We have recently encountered a problem that can cause Automation Engine server processes — specifically work processes — to hang. In this case, the WPs are not blocking DB sessions, and they are not consuming CPU time. They’re just doing nothing. They do not respond to requests to quit from the Service Manager. They must be killed with the KILL signal (-9) and restarted. We would like to find a way to identify such hung AE server processes programmatically, so that we can kill and restart them automatically.
In the Java User Interface, we can identify hung processes by the fact that they appear grayed-out in the System Overview.
Initially I thought it might be possible to list the same information using the ServerList Java API class. For instance, in the System Overview, all of the hung WPs do not have a PID, and have a B.60 of 0. Might these two criteria be used to uniquely identify hung processes?
Unfortunately, the answer is no. When we iterate through the server list, ServerListItem.getName() returns no data for hung processes. This means that although we can use this approach to list the number of hung WPs, we cannot use it to identify which WPs are hung. (The other methods of ServerListItem also return empty results for hung WPs.)

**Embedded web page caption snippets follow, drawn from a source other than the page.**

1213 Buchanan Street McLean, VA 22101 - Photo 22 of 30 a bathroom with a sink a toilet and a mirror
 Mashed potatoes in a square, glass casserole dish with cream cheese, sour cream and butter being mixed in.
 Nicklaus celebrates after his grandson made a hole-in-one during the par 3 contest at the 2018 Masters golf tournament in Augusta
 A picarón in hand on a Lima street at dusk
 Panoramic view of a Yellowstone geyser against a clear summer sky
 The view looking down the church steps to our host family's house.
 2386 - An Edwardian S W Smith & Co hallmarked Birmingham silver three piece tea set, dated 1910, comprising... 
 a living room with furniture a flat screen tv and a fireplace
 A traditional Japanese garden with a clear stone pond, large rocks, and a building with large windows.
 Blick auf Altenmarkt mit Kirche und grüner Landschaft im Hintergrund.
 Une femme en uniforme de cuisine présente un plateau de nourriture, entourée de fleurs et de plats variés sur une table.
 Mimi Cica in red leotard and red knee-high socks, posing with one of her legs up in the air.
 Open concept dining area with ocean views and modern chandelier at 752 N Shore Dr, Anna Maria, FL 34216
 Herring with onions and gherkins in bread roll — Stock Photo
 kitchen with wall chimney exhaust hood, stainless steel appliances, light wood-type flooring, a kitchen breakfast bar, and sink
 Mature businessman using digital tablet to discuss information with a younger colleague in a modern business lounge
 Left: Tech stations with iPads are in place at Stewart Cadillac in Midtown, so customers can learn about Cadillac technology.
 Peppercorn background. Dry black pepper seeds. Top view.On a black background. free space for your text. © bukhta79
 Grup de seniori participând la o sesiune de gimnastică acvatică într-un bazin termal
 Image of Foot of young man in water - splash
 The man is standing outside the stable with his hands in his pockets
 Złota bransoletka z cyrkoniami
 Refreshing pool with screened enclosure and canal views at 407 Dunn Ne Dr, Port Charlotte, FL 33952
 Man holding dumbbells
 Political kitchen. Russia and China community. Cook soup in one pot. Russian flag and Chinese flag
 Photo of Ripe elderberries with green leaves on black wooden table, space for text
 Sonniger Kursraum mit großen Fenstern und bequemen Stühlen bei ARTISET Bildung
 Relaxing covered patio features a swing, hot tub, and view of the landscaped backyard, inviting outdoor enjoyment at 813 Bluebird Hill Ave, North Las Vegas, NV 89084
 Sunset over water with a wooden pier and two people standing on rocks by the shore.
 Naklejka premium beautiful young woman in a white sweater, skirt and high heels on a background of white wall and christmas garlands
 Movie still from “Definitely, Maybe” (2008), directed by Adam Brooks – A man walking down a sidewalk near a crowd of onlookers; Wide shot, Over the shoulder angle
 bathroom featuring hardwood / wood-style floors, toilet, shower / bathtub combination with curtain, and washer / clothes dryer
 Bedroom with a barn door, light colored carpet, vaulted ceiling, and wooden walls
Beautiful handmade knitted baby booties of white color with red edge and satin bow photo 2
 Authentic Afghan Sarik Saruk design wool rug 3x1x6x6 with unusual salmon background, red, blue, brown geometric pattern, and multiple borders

I noticed that when WPs hang, they stop writing to their log files.
$ ls -ltr /var/uc4/server/?Psrv_DEV_log_???_00.txt
-rw-r----- 1 aedev1 mycompany 3151469 Jun 23 19:14 /var/uc4/server/WPsrv_DEV_log_014_00.txt
-rw-r----- 1 aedev1 mycompany 2595001 Jun 23 19:22 /var/uc4/server/WPsrv_DEV_log_016_00.txt
-rw-r----- 1 aedev1 mycompany 44771 Jul 3 11:32 /var/uc4/server/WPsrv_DEV_log_056_00.txt
-rw-r----- 1 aedev1 mycompany 45492 Jul 3 11:32 /var/uc4/server/WPsrv_DEV_log_010_00.txt
-rw-r----- 1 aedev1 mycompany 44759 Jul 3 11:32 /var/uc4/server/WPsrv_DEV_log_008_00.txt
-rw-r----- 1 aedev1 mycompany 45012 Jul 3 11:32 /var/uc4/server/WPsrv_DEV_log_006_00.txt
-rw-r----- 1 aedev1 mycompany 431613 Jul 4 13:03 /var/uc4/server/WPsrv_DEV_log_038_00.txt
-rw-r----- 1 aedev1 mycompany 371402 Jul 4 13:03 /var/uc4/server/WPsrv_DEV_log_034_00.txt
-rw-r----- 1 aedev1 mycompany 386269 Jul 4 13:03 /var/uc4/server/WPsrv_DEV_log_032_00.txt
-rw-r----- 1 aedev1 mycompany 381381 Jul 4 13:03 /var/uc4/server/WPsrv_DEV_log_030_00.txt
...
So another possibility would be to set up a log file monitor that periodically looks for files matching the pattern ?Psrv_DEV_log_???_00.txt and that have not been modified in the last few hours. E.g.,
check_for_hung_WPs.sh
#!/bin/bash
LOG_DIR="/var/uc4/server/"
ENV="DEV"
AGE="1"
for file in $(find "${LOG_DIR}" -name "?Psrv_${ENV}_log_???_00.txt" -mtime +"${AGE}"); do
echo $file | awk -F'_' '{print $4}'
done
This appears to work well, and it correctly identifies the hung WPs.
$ ./check_for_hung_WPs.sh
016
014
We still need to find the process IDs though, and the only easy way I know of is to use the Service Manager UI.
Is there a way to look up the PIDs programmatically?